Questo chiedeva l'Inghilterra agli Stuarts, dopo il Protettore; questo chiese la Francia ai Borboni, dopo l'impero.
Le garanzie sono una necessità dei tempi: bisogna accordarle. I principi le «concedono», ma in realtà è la forza delle cose che le dà. Verità, questa, profonda ed utile a sapersi e della quale gli Stuarts non s'accorsero nel 1660 e che i Borboni non intravidero neppure nel 1814.
La famiglia predestinata tornata in Francia quando Napoleone crollò, ebbe la fatale dabbenaggine di credere d'esser lei a dare e di poter riprendere quel che aveva dato, di credere che la casa di Borbone possedesse il diritto divino e la Francia non possedesse nulla, che il diritto politico concesso nella carta di Luigi XVIII fosse soltanto un ramo del diritto divino, staccato dalla casa di Borbone e graziosamente regalato al popolo, fino al giorno in cui fosse piaciuto al re di riprenderne possesso. Eppure, dal dispiacere che il dono le recava, la casa di Borbone avrebbe pur dovuto sentire che la cosa non veniva da lei.

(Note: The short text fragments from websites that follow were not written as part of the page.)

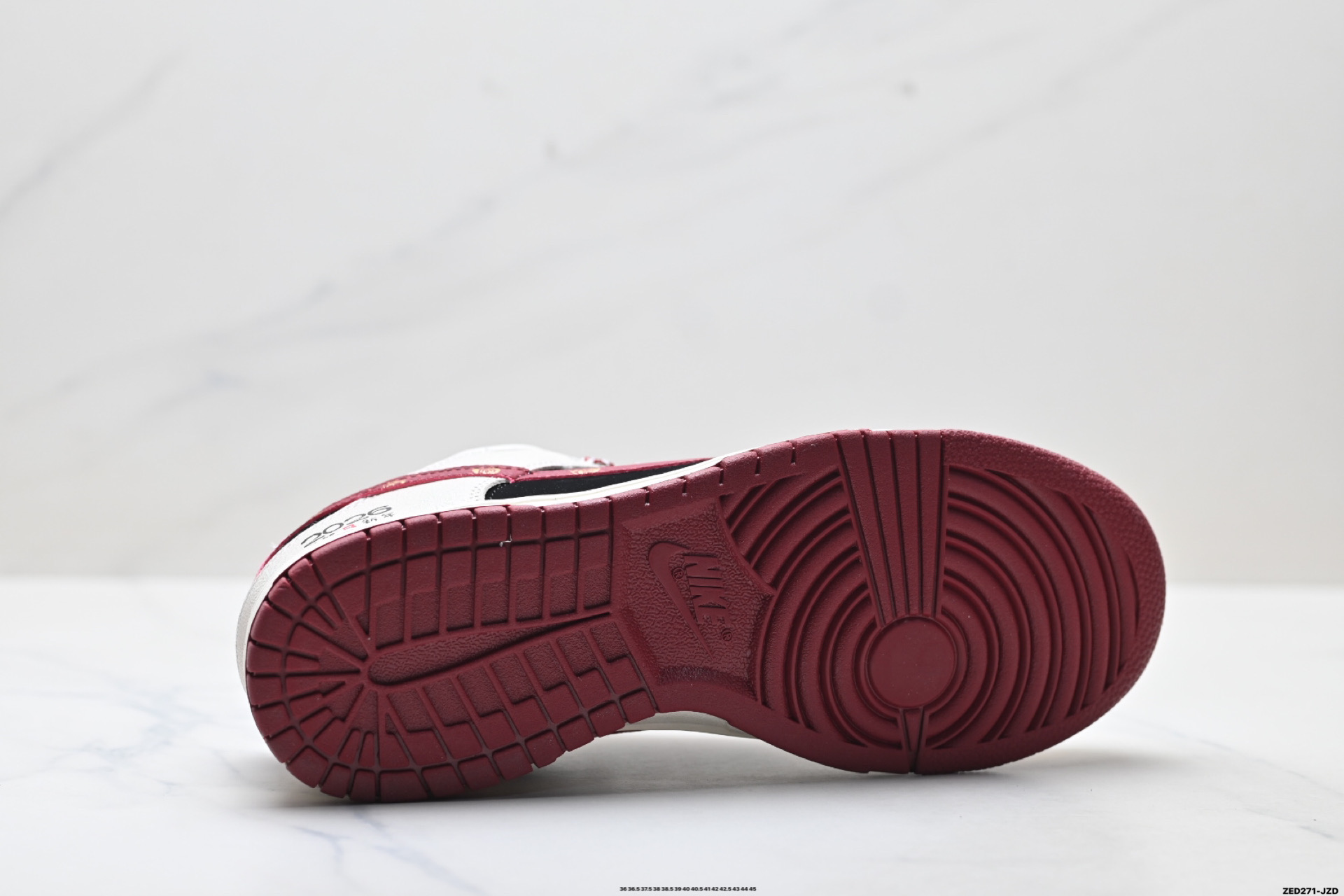 Nike Dunk Low Retro ‘DIY高端定制’耐克 低帮休闲运动板鞋 SL8888-001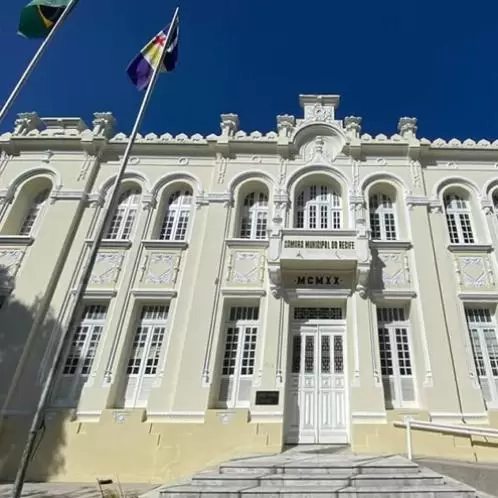 TCE determina que Câmara do Recife demita 189 comissionados e abra concurso 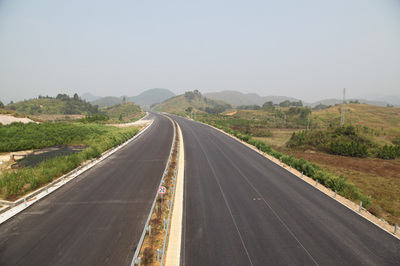 河南省二廣高速濟源至晉城(省界)段路面、沿線房建及綠化工程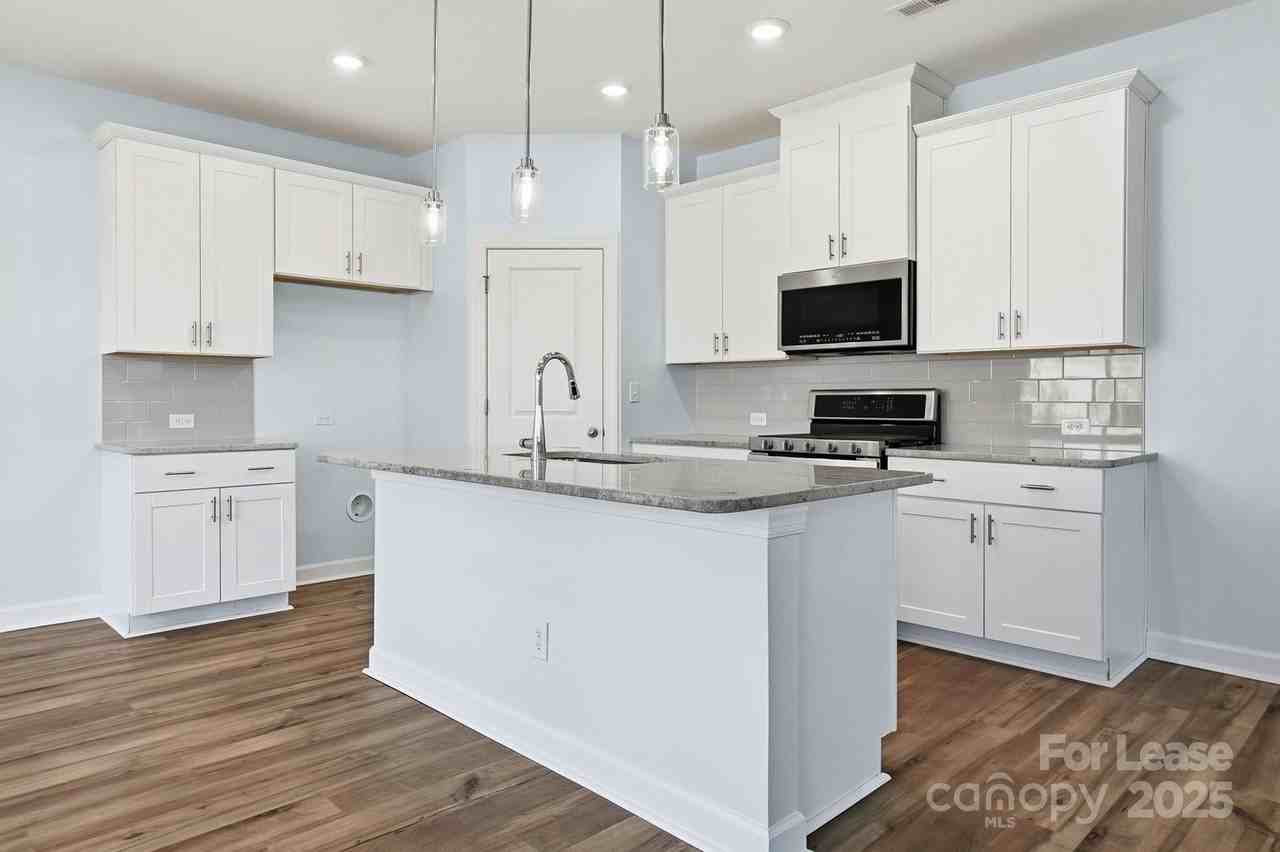 3909 Woodland View Dr - Photo 7 of 29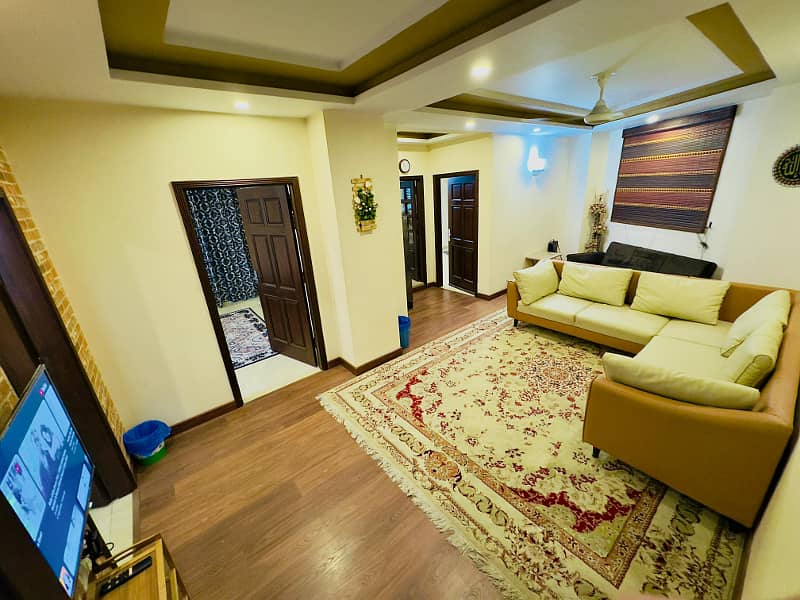 -3 Bedroom lavish apartment available on daily basis 10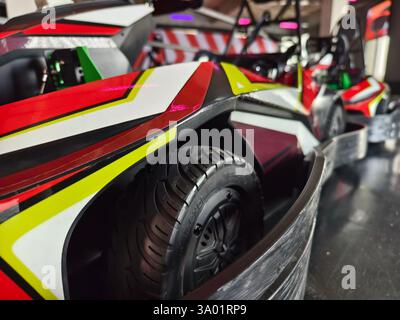 Neue Elektro-Gokarts auf der modernen Indoor-Rennstrecke Stockfoto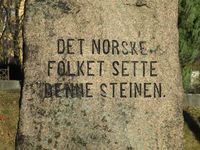 Baksiden av Ivar Aasens gravminne på Vår Frelsers gravlund; Det norske folket sette denne steinen. Foto: Stig Rune Pedersen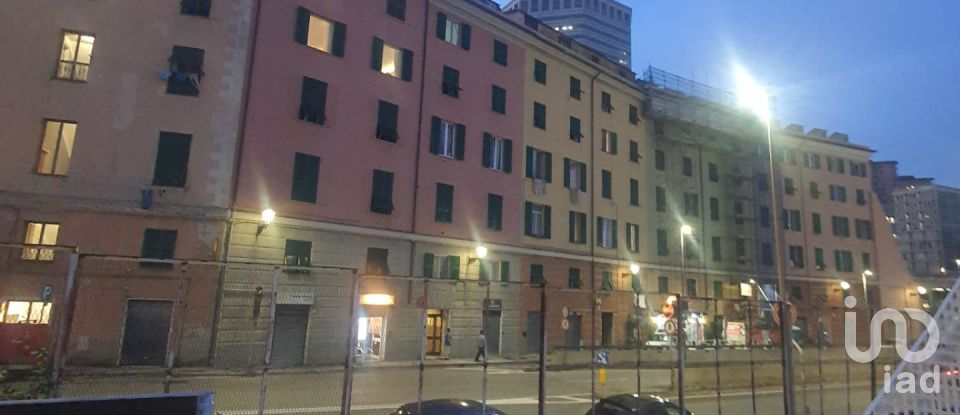 Apartment 6 rooms of 120 m² in Genova (16126)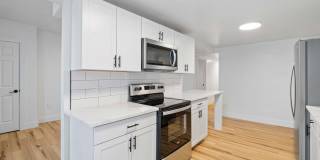 796 Hazelwood Avenue Gallery 15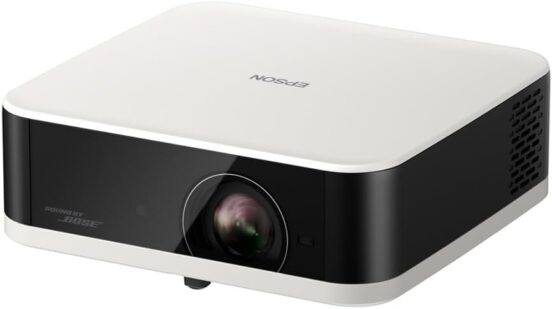 Google TV搭載で1台完結！エプソンのプロジェクターが30％オフ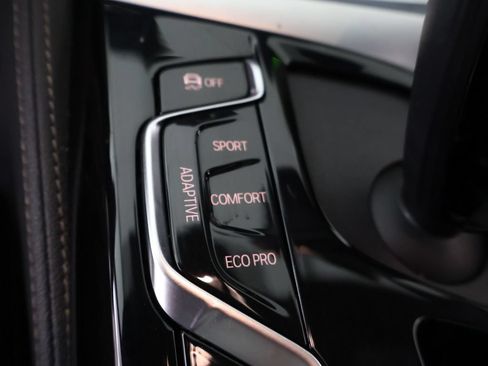 Used 2023 BMW M550i xDrive w/ Executive Package AWD/4WD image 59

Essa si mostrò riottosa al diciannovesimo secolo. Fece brutta cera ad ogni sviluppo della nazione. Per servirci d'una parola triviale, ossia popolare e vera, torse il muso; e il popolo lo vide.
Credette d'aver la forza, perché l'impero era stato portato via al suo cospetto, come uno scenario, e non s'accorse che era stata sostituita ad esso nello stesso modo; non vide che si trovava anch'essa in quella stessa mano che aveva levato dal trono Napoleone. Credette d'aver radici, perché era il passato, e s'ingannava; faceva parte del passato, ma tutto il passato era la Francia.